Ouagadougou - Les députés ont diversement apprécié la déclaration de politique générale présentée mercredi par le Premier ministre Luc Adolphe Tiao, devant l’Assemblée nationale.
Les élus nationaux ont jugé la politique générale du gouvernement, positivement ou négativement, selon leur connotation politique. Pour Ablassé Ouédraogo, président de « Le Faso Autrement » (opposition), le choix de placer le secteur minier au cœur du développement du pays, n’est pas la meilleure option.
Gilbert Noël Ouédraogo, le président de l’Alliance pour la démocratie et la fédération/ Rassemblement démocratique africain (ADF/RDA) (mouvance) estime que le discours est « assez bien dosé » et pose « les préoccupations essentielles ».
Pour Me Bénéwendé Sankara, président de l’Union pour la renaissance/parti sankariste (opposition), le Premier ministre a survolé la question de la corruption et l’impunité. « Pendant qu’il prononce son discours, il ya des cas qui interpellent notre conscience comme celui de Guiro, de l’ambassadeur burkinabè à Paris, Joseph Paré. Ce sont des questions qui érodent la démocratie », a-t-il dit.
« En une heure, il (Le Premier ministre, ndlr) a ramassé les éléments essentiels et nous pensons que le discours est très bien », a réagi Bila Gérard Seghda du Congrès pour la démocratie et le progrès (CDP), parti au pouvoir.

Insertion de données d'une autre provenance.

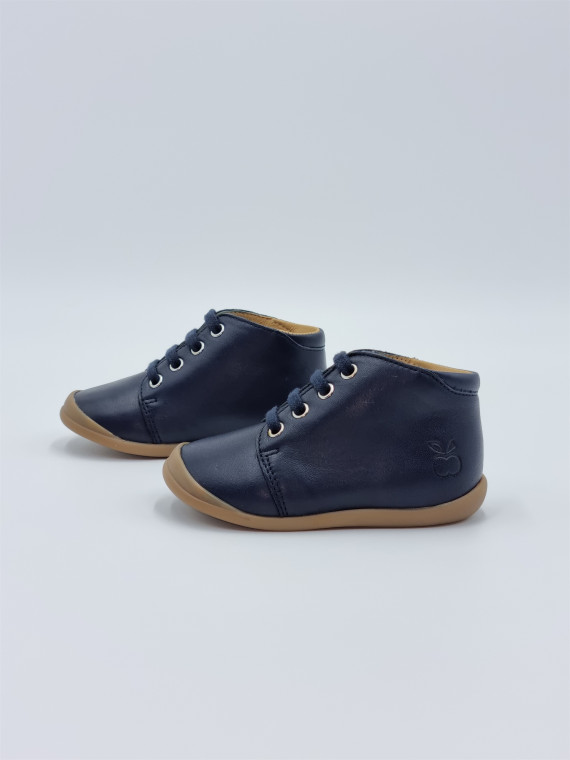 flex-up bottine nappa marine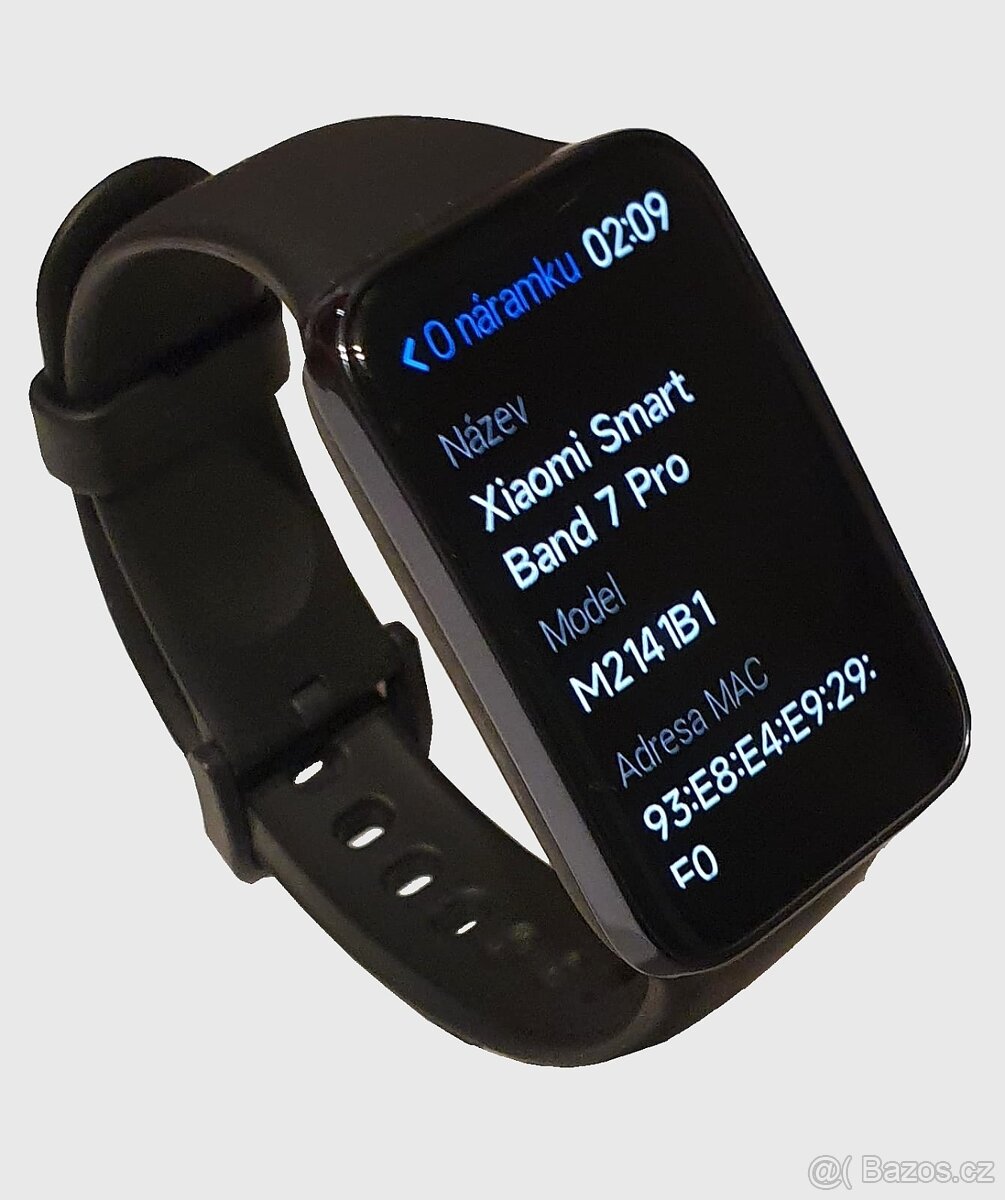 Xiaomi Smart Band 7 PRO NOVÉ-nenošené - 3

Voici l’intégralité de leurs déclarations :
Ablassé Ouédraogo, président de « Le Faso Autrement », opposition : Ce que nous avons à reprocher à son discours qui est un discours d’investiture, c’est qu’il n ya pas de date indicative quand à la mise en œuvre de tout ce qu’il a proposé. C’est un discours fleuve, 39 pages, 75mn et on vous donne 15mn de suspension pour préparer des questions. Nous avons proposé qu’avec les technologies modernes dont nous disposons, qu’on adopte une autre formule qui puisse permettre aux députés de disposer du discours pendant quelques heures, de le lire avant de revenir en salle se prononcer. De toutes les façons, cela se terminera par un vote. Ce que nous avons vu aussi, c’est cette tendance à placer les sociétés minières comme le poumon du développement de notre pays. Les ressources minières sont un don de Dieu, elles sont épuisables. Ce qui veut dire qu’il vaut mieux se baser sur quelque chose de sûr pour construire l’avenir. Pour un pays comme le Burkina, je pense que l’agriculture et l’élevage demeurent les piliers de notre développement. Pour être en équilibre, il faut marcher sur deux pieds. On peut avancer dans l’exploitation minière tout en gardant en tête que la fin (de l’exploitation minière ndlr) peut arriver à tout moment et surtout se concentrer sur le développement agricole et l’élevage, si on veut donner un avenir aux générations futures. Mais il faut être conscient, son action c’est entre maintenant et novembre 2015. Je ne pense pas qu’il puisse faire beaucoup de choses en deux ans et demi. Nous sommes en train de l’écouter, nous prendrons donc notre décision en fonction des réponses que nous lui avons posées. »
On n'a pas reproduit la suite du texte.